LA TIRADE DE LA CALOMNIE


Par Jean Goldzink


Dès Le Sacristain, état manuscrit le plus ancien de ce qui allait devenir Le Barbier de Séville à travers la version perdue d'un opéra-comique, on trouve des airs chantés, augmentés au fil des additions. Rien là d'anormal à l'époque, comme le rappelle J.-P. de Beaumarchais, qui a exhumé, publié et commenté ces premières ébauches:

On sait, du reste, combien le partage des genres est fluctuant au xvllle siècle, surtout au théâtre : que de fois une même pièce est désignée dans une édition comme « opéra-comique », et appelée, dans une autre, « comédie mêlée d'ariettes »

Mais l'air qui chante dans nos mémoires, grâce à Rossini, n'était pas prévu par Beaumarchais, qui scande pourtant sa célèbre tirade de la calomnie de termes techniques musicaux, jus­tifiés par la profession de Bazile et son éloge de la calomnie comme art.
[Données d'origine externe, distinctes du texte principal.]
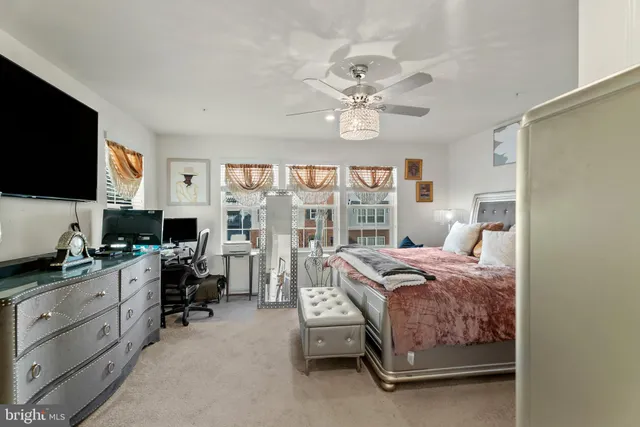 a bedroom that has a bed and a flat screen tv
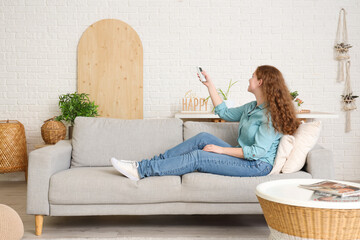 Canvas Print - Young woman with air conditioner remote control sitting on sofa in living room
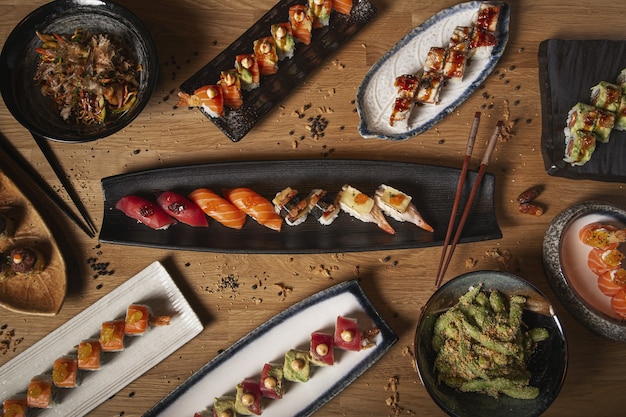 Vista dall'alto di una varietà di sushi, nigiri, sashimi, yakisoba ed edamame su un tavolo di legno del ristorante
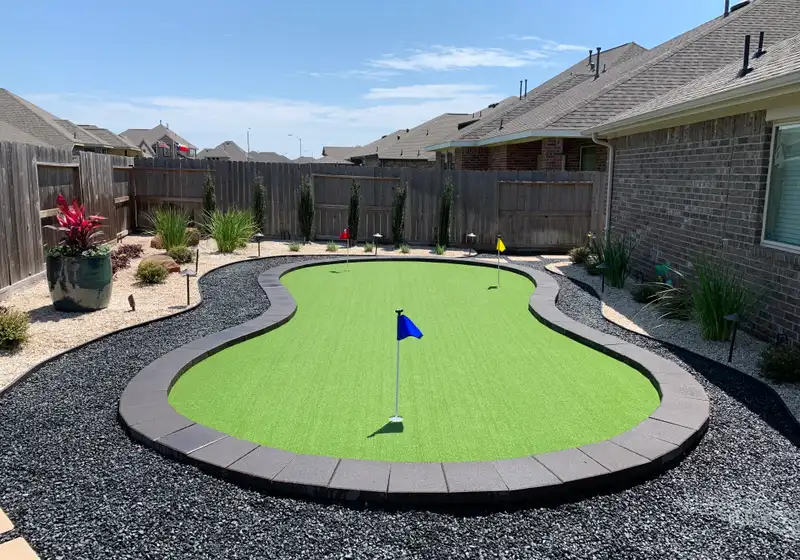 Kidney-shaped artificial putting green with flags and gray curb border in a Houston backyard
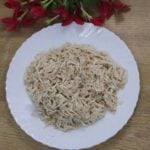 Shredded chicken ready to use for meals kept on a plate.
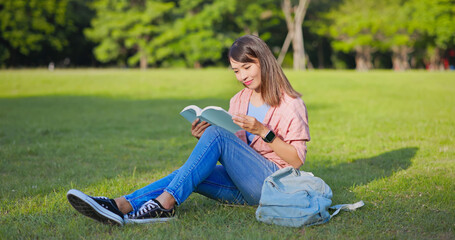 asian woman reading on lawn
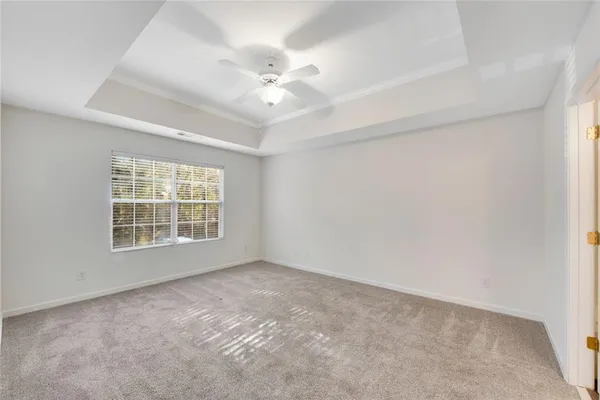 an empty room with a chandelier fan and windows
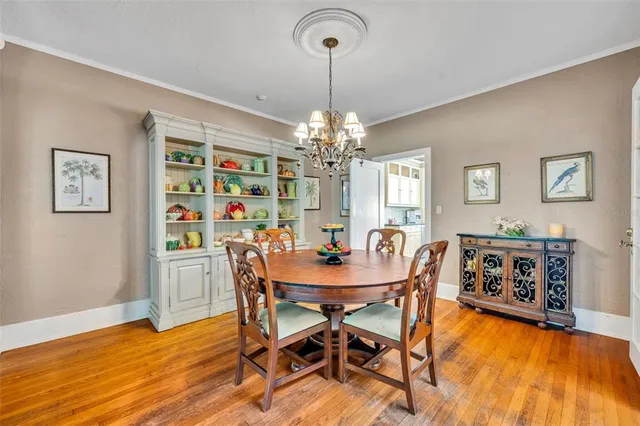 a view of a dining room with furniture and chandelier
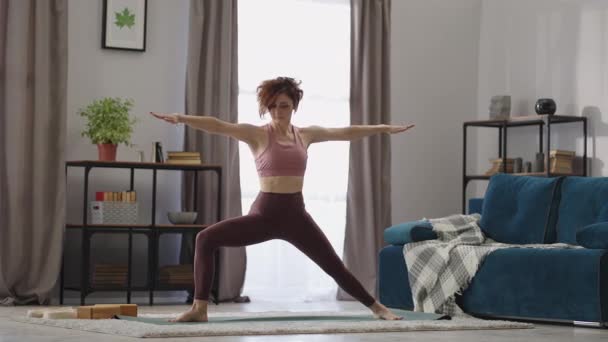 在家里进行瑜伽训练，成年女子在房间里摆姿势，双腿站立，进行体育活动以保持健康 — 图库视频影像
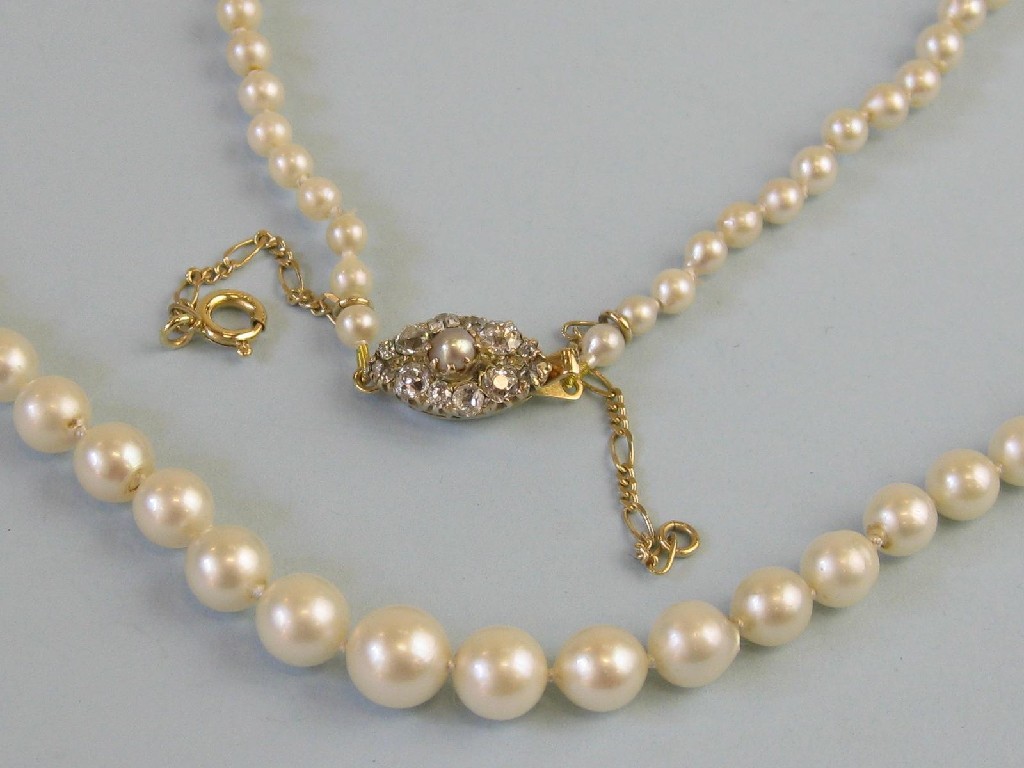 Appraisal: A single row of graduated Pearls the lozenge shaped clasp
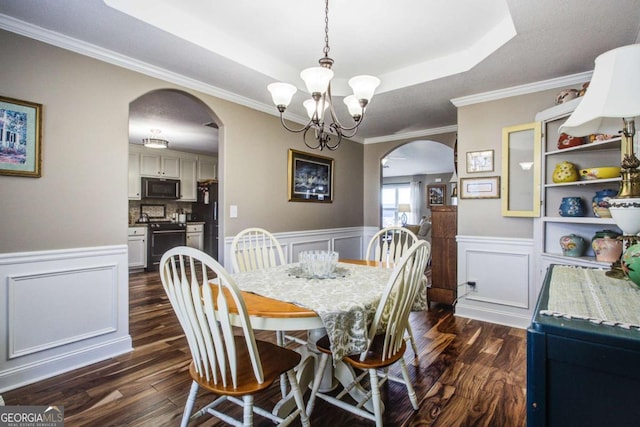 dining space with arched walkways, a raised ceiling, and dark wood-style flooring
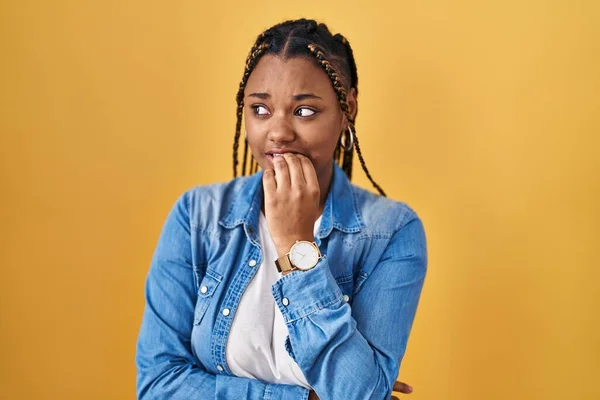 African American Woman Braids Standing Yellow Background Looking Stressed Nervous — Stock Photo, Image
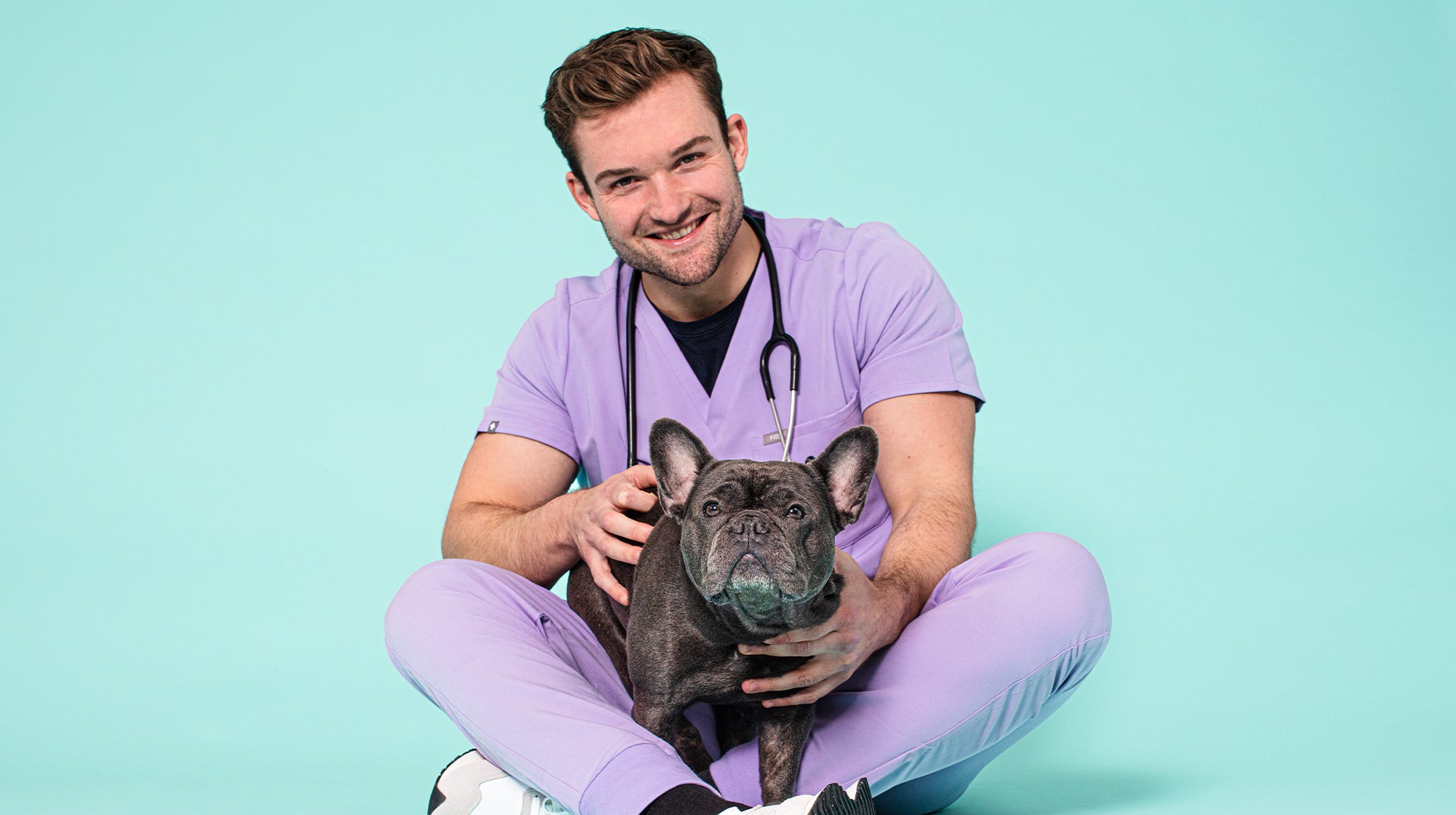 Vet Alex - our Pooch & Mutt Vet. Wearing lilac scrubs, with a grey French Bulldog on his lap, against an aqua coloured background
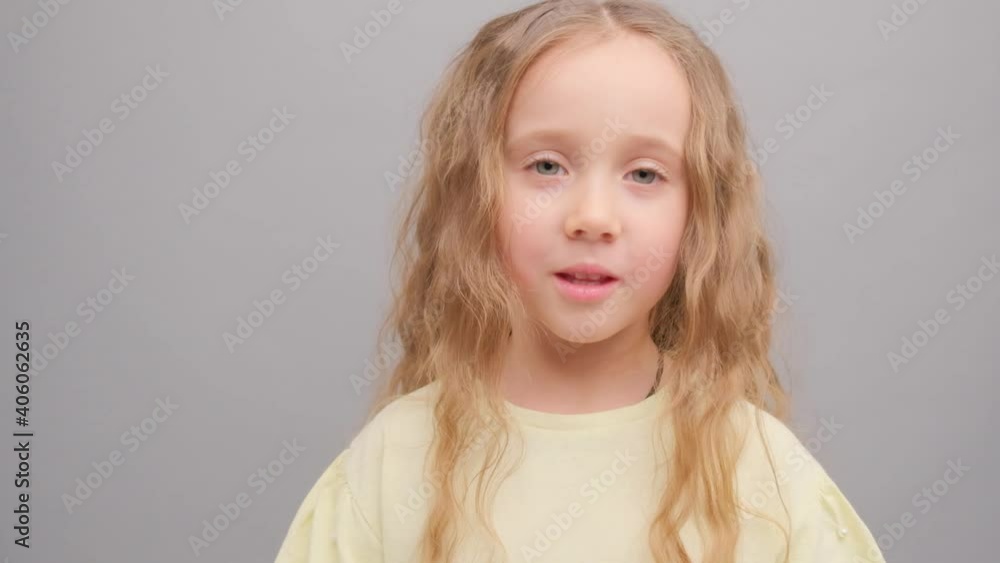 Little girl is surprised looking into the camera. Picture taken in the studio on a gray background. Super slow motion. Little girl is surprised looking into the camera. Picture taken in the studio on a gray background. Super slow motion.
Or ce morceau de virtuosité verbale avec lequel Rossini jouta Si allègrement a souvent paru l'emblème des dons et travers du dramaturge. Auteur trop bruyant, héros trop bavards. A. Gide, comme toujours, résume l'essentiel d'un mot: « Plus d'esprit que d'intelligence profonde. De la paillette », note-t-il dans son Journal, une fois relu Le Barbier de Séville, que Rossini voulut d'abord intituler Almavîva ou La Précaution inutile. Et pourtant, il le relit, et on le joue toujours... Après bien d'autres critiques, il n'est donc pas inintéressant de revenir sur ce passage immortalisé par la musique italienne. Que lui reproche-t-on? D'être précisément une tirade, un morceau de bravoure aux pail­lettes trop brillantes, plaqué sur la scène. On attendait un personnage, on trouve un auteur, qui fait la roue devant les spectateurs, et substitue sa voix, quasiment sa vie (affaire Goèzman), à celle du maigre Bazile. La genèse de la pièce semble le confirmer sans fard, en révélant l'adjonction tardive du célèbre passage, dans la version en cinq actes qu'il dut sacrifier au « Dieu des siffleurs, moucheurs, cracheurs, tousseurs et perturbateurs... ». Mais il ne put se résoudre à tuer cet enfant Si soigné. Tirade étourdissante, en effet, chacun le reconnaît, mais qu'on s'accorde aussi à juger assez lâchement liée au dialogue, et d'une ampleur artificielle. Citons J. Scherer, qui y décèle une tendance générale de l'auteur:

Assez souvent [...J l'auteur paraît pris d'une sorte d'ivresse verbale; amplifiée et orchestrée, la phrase accumulative aboutit presque néces­sairement à la fameuse tirade de Bazile [...]. C'est un chant, et un chant qui chante sa propre accélération [...]. Mais Beaumarchais, en s envolant ainsi, perd le fil de son dialogue [...J puisque, quand Bazile a lancé son morceau de bravoure, Bartholo lui demande : « Mais quel radotage me faites-vous donc là, Bazile? Et quel rapport ce piano-crescendo peut-il avoir à ma situation ? »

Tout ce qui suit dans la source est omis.